• [WHAT TO DO] Reply with exactly the lines from the one that contains "1FTFW1E88MFA21999 2021 FORD F-150" through the last line of the records below, and with no other lines.

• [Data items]
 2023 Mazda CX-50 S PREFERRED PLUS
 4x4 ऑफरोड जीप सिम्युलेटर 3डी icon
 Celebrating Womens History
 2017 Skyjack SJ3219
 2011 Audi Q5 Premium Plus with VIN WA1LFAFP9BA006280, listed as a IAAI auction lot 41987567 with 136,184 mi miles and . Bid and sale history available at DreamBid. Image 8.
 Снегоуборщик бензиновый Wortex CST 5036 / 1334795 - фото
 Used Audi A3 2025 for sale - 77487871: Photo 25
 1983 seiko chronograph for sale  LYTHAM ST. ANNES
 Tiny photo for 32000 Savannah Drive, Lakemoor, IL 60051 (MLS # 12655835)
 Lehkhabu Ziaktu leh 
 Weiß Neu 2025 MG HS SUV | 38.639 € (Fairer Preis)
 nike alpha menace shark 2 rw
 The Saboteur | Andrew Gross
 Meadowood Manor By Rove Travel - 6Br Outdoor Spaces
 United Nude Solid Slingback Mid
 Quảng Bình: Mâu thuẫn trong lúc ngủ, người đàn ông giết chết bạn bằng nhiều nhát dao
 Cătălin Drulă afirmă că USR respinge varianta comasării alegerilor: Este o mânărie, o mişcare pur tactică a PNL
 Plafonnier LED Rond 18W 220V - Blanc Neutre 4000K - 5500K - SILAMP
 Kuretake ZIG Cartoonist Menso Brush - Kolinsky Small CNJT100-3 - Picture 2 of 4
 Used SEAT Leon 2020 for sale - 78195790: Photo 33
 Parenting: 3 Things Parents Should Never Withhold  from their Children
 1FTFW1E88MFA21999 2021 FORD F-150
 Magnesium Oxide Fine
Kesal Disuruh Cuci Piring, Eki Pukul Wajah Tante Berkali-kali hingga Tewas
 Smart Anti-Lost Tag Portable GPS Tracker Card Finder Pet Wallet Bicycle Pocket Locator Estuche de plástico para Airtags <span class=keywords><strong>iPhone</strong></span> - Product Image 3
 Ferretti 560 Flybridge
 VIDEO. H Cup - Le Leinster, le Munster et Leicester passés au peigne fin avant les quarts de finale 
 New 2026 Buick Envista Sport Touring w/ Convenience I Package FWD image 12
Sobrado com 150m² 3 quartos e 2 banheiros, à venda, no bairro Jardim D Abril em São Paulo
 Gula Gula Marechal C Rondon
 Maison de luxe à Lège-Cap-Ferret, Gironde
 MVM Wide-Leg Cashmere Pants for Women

• [WRITTEN ANSWER]
 1FTFW1E88MFA21999 2021 FORD F-150
 Magnesium Oxide Fine
Kesal Disuruh Cuci Piring, Eki Pukul Wajah Tante Berkali-kali hingga Tewas
 Smart Anti-Lost Tag Portable GPS Tracker Card Finder Pet Wallet Bicycle Pocket Locator Estuche de plástico para Airtags <span class=keywords><strong>iPhone</strong></span> - Product Image 3
 Ferretti 560 Flybridge
 VIDEO. H Cup - Le Leinster, le Munster et Leicester passés au peigne fin avant les quarts de finale 
 New 2026 Buick Envista Sport Touring w/ Convenience I Package FWD image 12
Sobrado com 150m² 3 quartos e 2 banheiros, à venda, no bairro Jardim D Abril em São Paulo
 Gula Gula Marechal C Rondon
 Maison de luxe à Lège-Cap-Ferret, Gironde
 MVM Wide-Leg Cashmere Pants for Women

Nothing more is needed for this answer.